The First Day of the Season of Lent

“We are entering, to-day, upon a long campaign of the warfare spoken of by the Apostles: forty days of battle, forty days of penance.” Thus far the words of Dom Prosper Guéranger. Ash Wednesday, though very old itself, was instituted sometime after the season of Lent, which in Latin is called Quadragesima, or “fortieth”. The addition of these four days preceding the First Sunday of Lent brought the number of fasting days between now and Easter Sunday to exactly forty, because of the universal custom to avoid fasting on Sundays.
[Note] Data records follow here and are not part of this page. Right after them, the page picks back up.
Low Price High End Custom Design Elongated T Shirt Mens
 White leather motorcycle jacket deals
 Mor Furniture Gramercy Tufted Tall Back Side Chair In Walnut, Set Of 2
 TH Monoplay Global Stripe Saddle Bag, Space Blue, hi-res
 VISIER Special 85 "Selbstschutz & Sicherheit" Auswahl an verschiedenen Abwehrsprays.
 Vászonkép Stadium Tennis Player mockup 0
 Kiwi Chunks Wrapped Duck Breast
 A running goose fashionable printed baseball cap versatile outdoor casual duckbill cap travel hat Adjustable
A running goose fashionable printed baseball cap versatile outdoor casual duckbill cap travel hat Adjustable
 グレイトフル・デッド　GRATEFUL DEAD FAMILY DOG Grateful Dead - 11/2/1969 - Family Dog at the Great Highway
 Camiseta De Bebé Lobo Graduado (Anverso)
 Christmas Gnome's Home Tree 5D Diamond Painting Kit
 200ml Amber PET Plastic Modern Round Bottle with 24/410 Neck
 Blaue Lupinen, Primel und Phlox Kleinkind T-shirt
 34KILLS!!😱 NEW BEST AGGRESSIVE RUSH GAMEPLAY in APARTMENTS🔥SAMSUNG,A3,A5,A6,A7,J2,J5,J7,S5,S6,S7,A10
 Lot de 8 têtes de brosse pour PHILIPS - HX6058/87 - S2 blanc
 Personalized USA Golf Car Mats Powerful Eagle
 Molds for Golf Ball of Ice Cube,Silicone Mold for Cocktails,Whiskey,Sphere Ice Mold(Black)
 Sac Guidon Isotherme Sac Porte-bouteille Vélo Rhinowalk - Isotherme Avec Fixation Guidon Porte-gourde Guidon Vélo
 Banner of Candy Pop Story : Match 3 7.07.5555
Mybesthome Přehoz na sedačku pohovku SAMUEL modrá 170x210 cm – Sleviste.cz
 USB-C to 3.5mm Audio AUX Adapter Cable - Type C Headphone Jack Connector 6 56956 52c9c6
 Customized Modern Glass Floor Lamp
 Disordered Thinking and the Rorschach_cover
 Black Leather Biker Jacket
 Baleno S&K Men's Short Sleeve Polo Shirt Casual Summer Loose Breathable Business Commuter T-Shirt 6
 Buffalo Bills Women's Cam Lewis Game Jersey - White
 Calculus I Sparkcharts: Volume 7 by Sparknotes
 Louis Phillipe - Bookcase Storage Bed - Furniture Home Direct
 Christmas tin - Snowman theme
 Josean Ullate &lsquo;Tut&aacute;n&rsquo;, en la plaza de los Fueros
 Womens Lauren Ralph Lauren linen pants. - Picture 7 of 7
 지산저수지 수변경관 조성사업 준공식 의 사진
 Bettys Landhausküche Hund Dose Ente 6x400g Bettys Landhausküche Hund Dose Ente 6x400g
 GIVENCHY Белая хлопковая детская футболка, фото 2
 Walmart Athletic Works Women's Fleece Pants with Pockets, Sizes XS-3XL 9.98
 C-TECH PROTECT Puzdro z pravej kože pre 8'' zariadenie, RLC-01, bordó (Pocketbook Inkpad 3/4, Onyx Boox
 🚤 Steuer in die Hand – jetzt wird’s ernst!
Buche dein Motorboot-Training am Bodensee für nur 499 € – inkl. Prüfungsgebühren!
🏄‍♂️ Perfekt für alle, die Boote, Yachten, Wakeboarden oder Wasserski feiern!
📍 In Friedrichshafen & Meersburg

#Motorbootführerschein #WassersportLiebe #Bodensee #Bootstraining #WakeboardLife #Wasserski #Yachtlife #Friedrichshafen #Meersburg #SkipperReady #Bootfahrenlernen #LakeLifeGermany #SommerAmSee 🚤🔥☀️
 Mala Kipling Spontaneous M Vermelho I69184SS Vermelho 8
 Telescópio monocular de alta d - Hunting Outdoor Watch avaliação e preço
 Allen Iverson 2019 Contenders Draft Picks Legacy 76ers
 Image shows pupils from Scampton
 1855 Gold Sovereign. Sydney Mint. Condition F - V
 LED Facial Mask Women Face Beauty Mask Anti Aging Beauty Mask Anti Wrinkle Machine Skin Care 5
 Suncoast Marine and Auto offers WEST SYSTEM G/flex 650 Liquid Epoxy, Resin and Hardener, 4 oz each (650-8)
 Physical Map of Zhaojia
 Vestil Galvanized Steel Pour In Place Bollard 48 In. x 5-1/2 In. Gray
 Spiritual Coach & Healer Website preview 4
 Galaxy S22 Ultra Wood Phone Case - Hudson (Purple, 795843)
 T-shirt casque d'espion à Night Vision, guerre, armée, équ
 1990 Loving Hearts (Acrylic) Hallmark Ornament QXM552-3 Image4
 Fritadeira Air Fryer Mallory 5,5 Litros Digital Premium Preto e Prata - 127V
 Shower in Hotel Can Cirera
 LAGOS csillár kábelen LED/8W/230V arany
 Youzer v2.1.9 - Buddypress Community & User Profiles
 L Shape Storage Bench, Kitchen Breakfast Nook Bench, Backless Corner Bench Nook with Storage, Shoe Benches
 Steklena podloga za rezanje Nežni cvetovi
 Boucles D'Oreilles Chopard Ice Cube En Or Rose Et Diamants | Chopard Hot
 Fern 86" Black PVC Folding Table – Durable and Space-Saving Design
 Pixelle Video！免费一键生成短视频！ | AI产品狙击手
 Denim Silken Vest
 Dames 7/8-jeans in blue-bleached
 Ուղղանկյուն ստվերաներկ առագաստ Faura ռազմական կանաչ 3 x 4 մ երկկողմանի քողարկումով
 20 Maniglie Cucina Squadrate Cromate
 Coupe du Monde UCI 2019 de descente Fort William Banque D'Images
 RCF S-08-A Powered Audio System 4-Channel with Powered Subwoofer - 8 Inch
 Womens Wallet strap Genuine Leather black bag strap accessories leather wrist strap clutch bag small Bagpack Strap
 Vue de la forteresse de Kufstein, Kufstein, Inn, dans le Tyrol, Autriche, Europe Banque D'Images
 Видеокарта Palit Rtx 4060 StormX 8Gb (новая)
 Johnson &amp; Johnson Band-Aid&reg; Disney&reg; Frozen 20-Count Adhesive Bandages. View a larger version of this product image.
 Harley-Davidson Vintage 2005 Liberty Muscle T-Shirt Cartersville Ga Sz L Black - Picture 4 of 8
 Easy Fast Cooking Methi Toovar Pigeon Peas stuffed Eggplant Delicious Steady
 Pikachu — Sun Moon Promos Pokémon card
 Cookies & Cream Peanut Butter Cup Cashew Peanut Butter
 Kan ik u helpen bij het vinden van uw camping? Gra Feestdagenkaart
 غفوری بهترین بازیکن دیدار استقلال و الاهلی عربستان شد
Ashes have been a symbol of penance and humility since the Old Testament, and they clearly evoke the phrase from Genesis used repeatedly in the liturgy today: “dust thou art, and into dust thou shalt return”—a reminder of man’s mortality since the Fall, and of the penance and mortification to which all are called during this season. The imposition of ashes on this day was once reserved for those doing public penance for grave and especially scandalous sins, but as this practice of public penance decreased, the ashes came to be applied to all the faithful. To this day the Church attaches the words of the Prophet Joel: Now therefore saith the Lord: Be converted to me with all your heart, in fasting, and in weeping, and in mourning. And rend your hearts, and not your garments, and turn to the Lord your God.